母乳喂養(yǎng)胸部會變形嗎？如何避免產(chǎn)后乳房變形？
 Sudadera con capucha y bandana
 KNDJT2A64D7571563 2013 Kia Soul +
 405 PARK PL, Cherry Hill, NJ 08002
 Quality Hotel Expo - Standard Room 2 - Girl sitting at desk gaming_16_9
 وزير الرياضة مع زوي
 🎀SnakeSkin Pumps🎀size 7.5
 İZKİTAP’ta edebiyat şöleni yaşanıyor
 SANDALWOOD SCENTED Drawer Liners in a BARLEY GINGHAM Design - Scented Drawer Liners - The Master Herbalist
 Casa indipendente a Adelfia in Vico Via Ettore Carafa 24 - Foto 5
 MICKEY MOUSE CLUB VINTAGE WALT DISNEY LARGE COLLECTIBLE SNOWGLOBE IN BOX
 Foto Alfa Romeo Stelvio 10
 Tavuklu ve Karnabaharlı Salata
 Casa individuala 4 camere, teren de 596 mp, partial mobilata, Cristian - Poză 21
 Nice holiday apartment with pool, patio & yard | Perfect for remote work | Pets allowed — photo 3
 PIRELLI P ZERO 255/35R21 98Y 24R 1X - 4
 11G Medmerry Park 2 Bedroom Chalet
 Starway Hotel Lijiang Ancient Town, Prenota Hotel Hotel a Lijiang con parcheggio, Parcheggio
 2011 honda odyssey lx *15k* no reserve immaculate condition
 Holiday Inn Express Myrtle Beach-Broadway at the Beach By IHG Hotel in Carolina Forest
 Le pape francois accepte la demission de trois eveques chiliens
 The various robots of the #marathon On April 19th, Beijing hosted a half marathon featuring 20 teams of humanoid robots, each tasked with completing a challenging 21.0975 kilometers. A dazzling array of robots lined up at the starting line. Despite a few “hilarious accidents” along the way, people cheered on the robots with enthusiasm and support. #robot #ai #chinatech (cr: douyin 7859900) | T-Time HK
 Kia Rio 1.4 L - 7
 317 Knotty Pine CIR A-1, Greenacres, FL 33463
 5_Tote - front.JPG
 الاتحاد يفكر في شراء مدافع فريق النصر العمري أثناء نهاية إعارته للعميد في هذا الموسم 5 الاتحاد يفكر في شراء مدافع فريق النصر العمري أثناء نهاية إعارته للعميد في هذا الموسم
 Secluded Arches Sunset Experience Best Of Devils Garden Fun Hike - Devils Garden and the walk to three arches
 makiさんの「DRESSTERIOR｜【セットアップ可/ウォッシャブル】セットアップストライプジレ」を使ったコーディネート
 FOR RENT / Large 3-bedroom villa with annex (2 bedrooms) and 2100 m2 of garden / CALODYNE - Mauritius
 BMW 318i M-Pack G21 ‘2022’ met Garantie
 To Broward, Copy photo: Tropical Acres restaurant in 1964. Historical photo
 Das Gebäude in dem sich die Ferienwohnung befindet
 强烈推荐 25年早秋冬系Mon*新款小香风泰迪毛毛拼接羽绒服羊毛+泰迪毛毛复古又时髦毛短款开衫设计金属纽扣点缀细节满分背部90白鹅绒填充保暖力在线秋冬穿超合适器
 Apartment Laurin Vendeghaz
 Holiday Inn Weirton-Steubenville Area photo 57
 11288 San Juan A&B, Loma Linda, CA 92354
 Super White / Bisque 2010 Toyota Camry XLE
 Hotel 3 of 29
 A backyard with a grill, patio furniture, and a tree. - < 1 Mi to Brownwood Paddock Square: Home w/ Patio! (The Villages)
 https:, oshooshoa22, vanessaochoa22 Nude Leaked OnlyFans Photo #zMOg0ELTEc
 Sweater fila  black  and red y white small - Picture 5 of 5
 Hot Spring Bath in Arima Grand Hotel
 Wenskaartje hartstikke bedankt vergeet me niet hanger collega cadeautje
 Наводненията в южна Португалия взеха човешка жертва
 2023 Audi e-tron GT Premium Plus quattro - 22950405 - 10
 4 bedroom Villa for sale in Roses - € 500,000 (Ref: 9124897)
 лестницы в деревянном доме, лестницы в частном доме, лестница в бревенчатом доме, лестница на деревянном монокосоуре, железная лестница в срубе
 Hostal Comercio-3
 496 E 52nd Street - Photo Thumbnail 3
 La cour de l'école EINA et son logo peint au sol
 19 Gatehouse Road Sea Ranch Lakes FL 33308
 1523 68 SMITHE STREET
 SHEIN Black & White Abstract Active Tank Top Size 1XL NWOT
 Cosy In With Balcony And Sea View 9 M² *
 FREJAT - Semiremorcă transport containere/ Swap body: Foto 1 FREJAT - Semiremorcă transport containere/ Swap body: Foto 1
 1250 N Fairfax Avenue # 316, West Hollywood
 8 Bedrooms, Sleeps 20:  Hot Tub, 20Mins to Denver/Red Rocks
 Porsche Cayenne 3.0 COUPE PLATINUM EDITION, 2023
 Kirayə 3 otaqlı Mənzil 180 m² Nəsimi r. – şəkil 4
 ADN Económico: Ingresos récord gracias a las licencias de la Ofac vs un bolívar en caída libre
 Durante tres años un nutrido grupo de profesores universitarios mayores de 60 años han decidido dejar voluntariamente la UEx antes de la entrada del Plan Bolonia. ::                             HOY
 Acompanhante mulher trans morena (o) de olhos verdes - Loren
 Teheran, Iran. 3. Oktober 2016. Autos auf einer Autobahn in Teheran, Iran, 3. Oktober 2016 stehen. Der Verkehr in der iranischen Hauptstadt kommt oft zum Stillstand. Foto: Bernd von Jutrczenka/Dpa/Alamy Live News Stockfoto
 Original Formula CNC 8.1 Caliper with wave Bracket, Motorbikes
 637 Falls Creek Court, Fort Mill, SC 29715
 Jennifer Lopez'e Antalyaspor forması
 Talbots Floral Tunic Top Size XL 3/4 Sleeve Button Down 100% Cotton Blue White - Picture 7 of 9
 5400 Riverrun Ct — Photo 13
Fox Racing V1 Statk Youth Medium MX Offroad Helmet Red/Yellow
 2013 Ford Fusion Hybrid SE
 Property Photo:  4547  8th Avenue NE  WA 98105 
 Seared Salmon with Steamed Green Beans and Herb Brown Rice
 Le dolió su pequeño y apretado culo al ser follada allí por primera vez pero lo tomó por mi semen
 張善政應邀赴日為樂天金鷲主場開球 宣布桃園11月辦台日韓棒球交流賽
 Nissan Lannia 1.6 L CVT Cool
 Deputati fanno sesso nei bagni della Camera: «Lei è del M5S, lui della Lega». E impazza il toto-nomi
#####
• **TASK REQUIREMENTS**: From the material above, set down exactly the lines starting at the one with "makiさんの「DRESST" and ending at the one with "Наводненията в южна", end lines included.

• **REPLY**:
 makiさんの「DRESSTERIOR｜【セットアップ可/ウォッシャブル】セットアップストライプジレ」を使ったコーディネート
 FOR RENT / Large 3-bedroom villa with annex (2 bedrooms) and 2100 m2 of garden / CALODYNE - Mauritius
 BMW 318i M-Pack G21 ‘2022’ met Garantie
 To Broward, Copy photo: Tropical Acres restaurant in 1964. Historical photo
 Das Gebäude in dem sich die Ferienwohnung befindet
 强烈推荐 25年早秋冬系Mon*新款小香风泰迪毛毛拼接羽绒服羊毛+泰迪毛毛复古又时髦毛短款开衫设计金属纽扣点缀细节满分背部90白鹅绒填充保暖力在线秋冬穿超合适器
 Apartment Laurin Vendeghaz
 Holiday Inn Weirton-Steubenville Area photo 57
 11288 San Juan A&B, Loma Linda, CA 92354
 Super White / Bisque 2010 Toyota Camry XLE
 Hotel 3 of 29
 A backyard with a grill, patio furniture, and a tree. - < 1 Mi to Brownwood Paddock Square: Home w/ Patio! (The Villages)
 https:, oshooshoa22, vanessaochoa22 Nude Leaked OnlyFans Photo #zMOg0ELTEc
 Sweater fila  black  and red y white small - Picture 5 of 5
 Hot Spring Bath in Arima Grand Hotel
 Wenskaartje hartstikke bedankt vergeet me niet hanger collega cadeautje
 Наводненията в южна Португалия взеха човешка жертва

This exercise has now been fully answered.